First, I am wholeheartedly in favor of "an ambitious campaign designed to place Dubai among the top 10 international cities with safest roads within the next five years". But it isn't going to happen with analysis like this: "Taxi drivers are most likely to cause a fatal accident".

The proof that taxi drivers are the most dangerous? "Taxis represent [slightly] less than one per cent of all vehicles in Dubai...However, during the first nine months of this year, taxi drivers caused the deaths of seven people. The total number of deaths for this same period is 215 people, which means taxis were responsible 3.26 per cent of the road deaths."

But you can't just take the number of taxis and the number of registered vehicles and compare them to the number of fatalities. Let's look a little deeper.

The story also says that taxi drivers are on the road up to 16 hours a day, 7 days a week and drive 400 to 500 km per day. Let's use 12 hours a day/84 hours a week as an average for the taxi drivers of Dubai, as the story suggests. So for taxis to make up less than 3.26% of the cars on the road, the other 600,000 - 700,000 cars of Dubai would have to be on the road an average of 22 to 26 hours a week on the road. Now, I know that traffic in Dubai is bad, but does it seem likely that there are 600,000 non-taxis on the roads of Dubai 26 hours a week?

Or let's look at kilometers driven. The story suggests 2800 kms per week as a low figure. Unless the average kilometers driven per week of the other 600,000 cars is about 944, then taxis drive more than 3.26% of the kilometers driven.

Moreover, even if the government had just banned taxis starting January 1, there would still be at least 208 deaths on the road. If the authorities and Emirates Today are serious about making the roads safe, then reducing the number of hours taxi drivers work, as good an idea as that is, is not going to make dent in the fatalities.

2 comments:

Seabee said...

Exactly right.
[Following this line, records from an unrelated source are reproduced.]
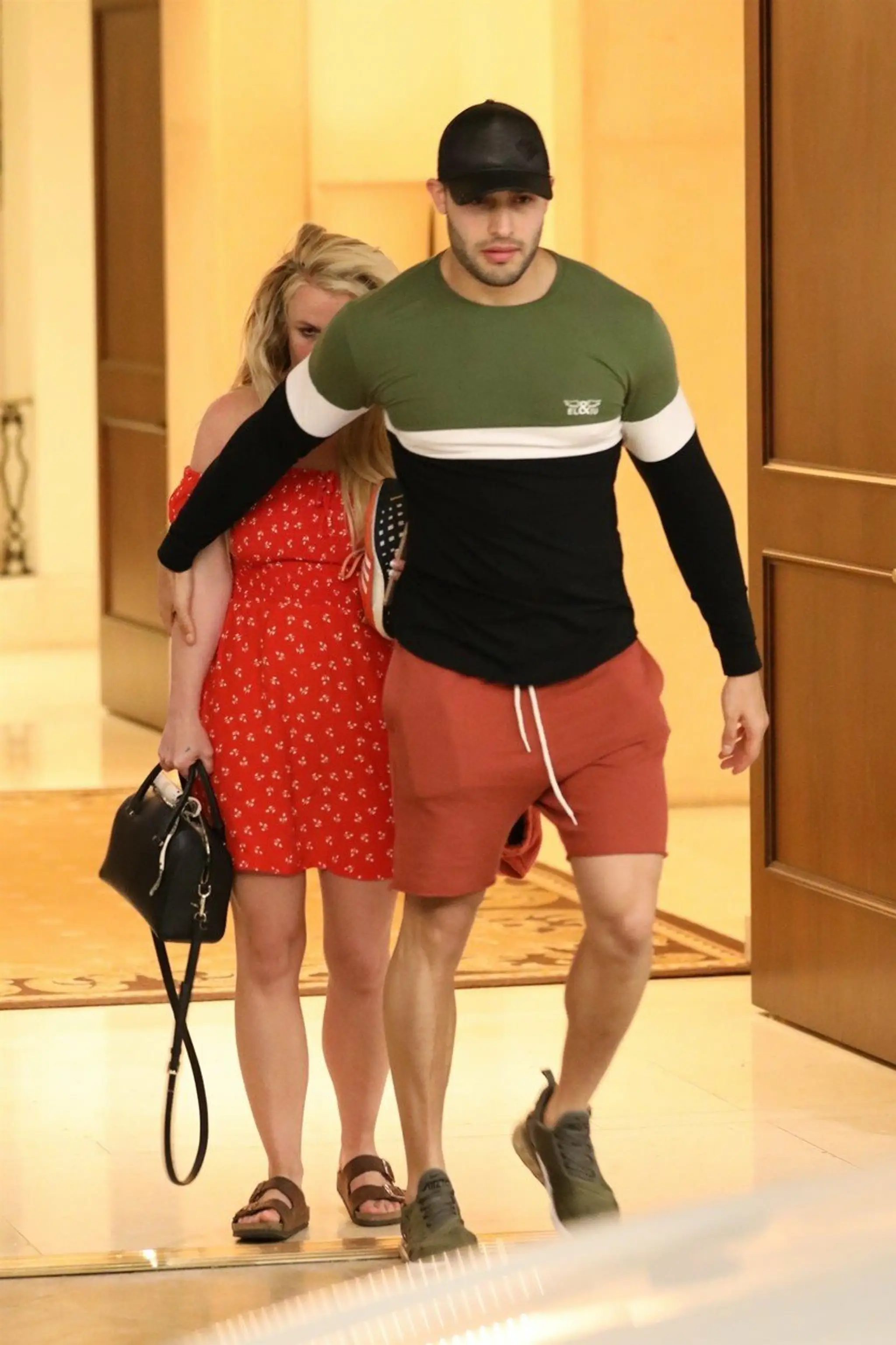Britney Spears opúšťa hotel v Beverly Hills v sprievode jej priateľa Sama Asghariho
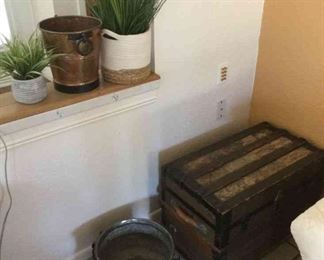 Wooden Trunk And More 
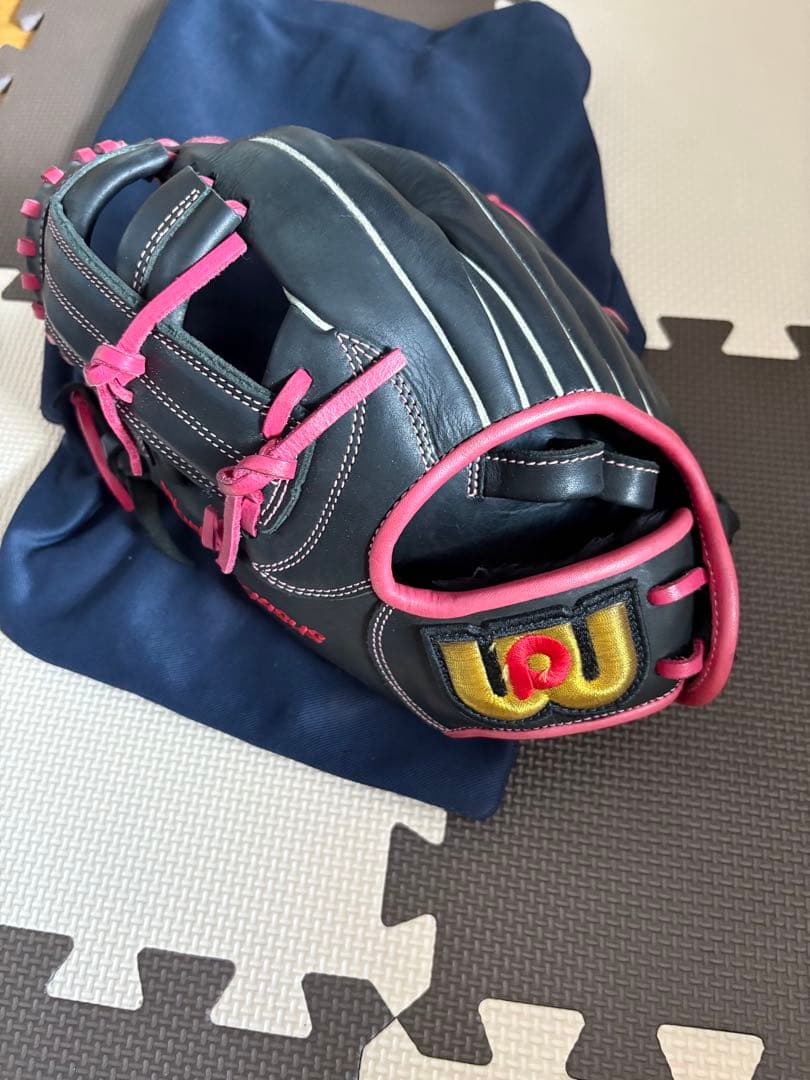 軟式グローブ 黒/ピンク Hブランド 軟式野球グローブ 黒とピンク H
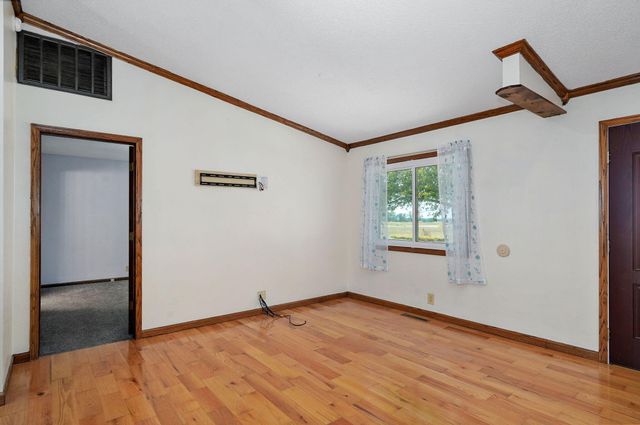 19038 Farm Road 2020, Aurora, MO 65605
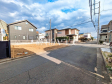 接道状況および現場風景　【東久留米市小山３丁目】 建物のプレゼンをさせていただきますので、実際の完成イメージを思い描いていただくことができます。お気軽にお問合せ下さい。 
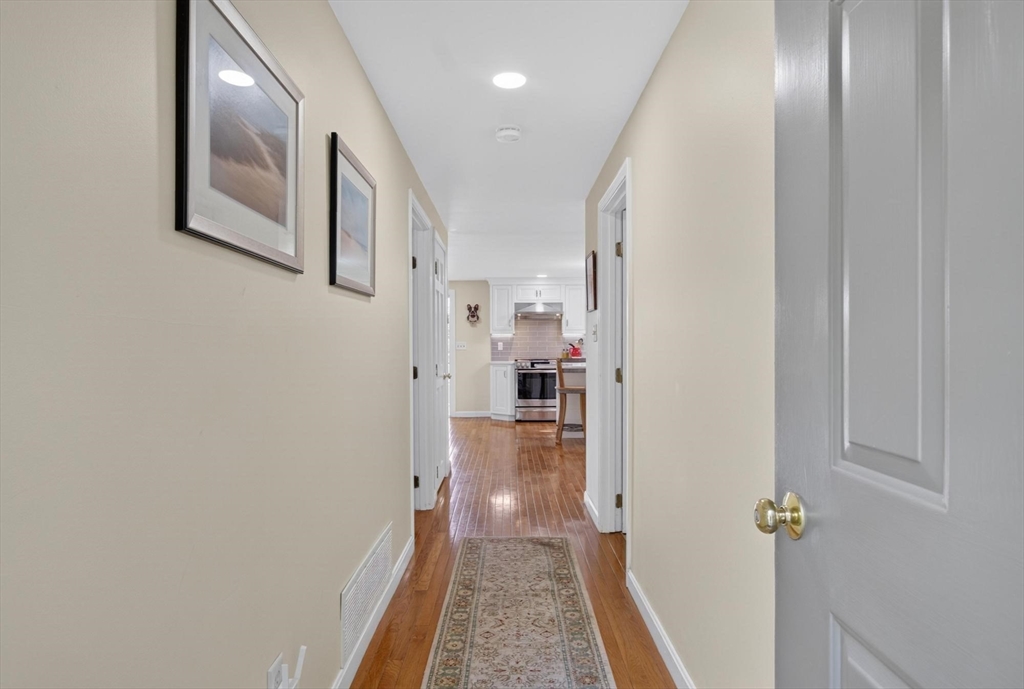 20 Iroquois Ave. Property Photo 4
It's another one of the simplistic misunderstandings of statistics that we get all too often.

The real danger is that policies and laws will be based on these misreadings of the real situation - which I suspect happens very often, given the appallingly bad planning that's all around us.

oink oink said...

Exactly right? Exactly. But taxis aren't about to be banned just yet.

These aren't just statistics. These are the children born when Statistics married Damn Lies.

Another something to get used to in the Emirates.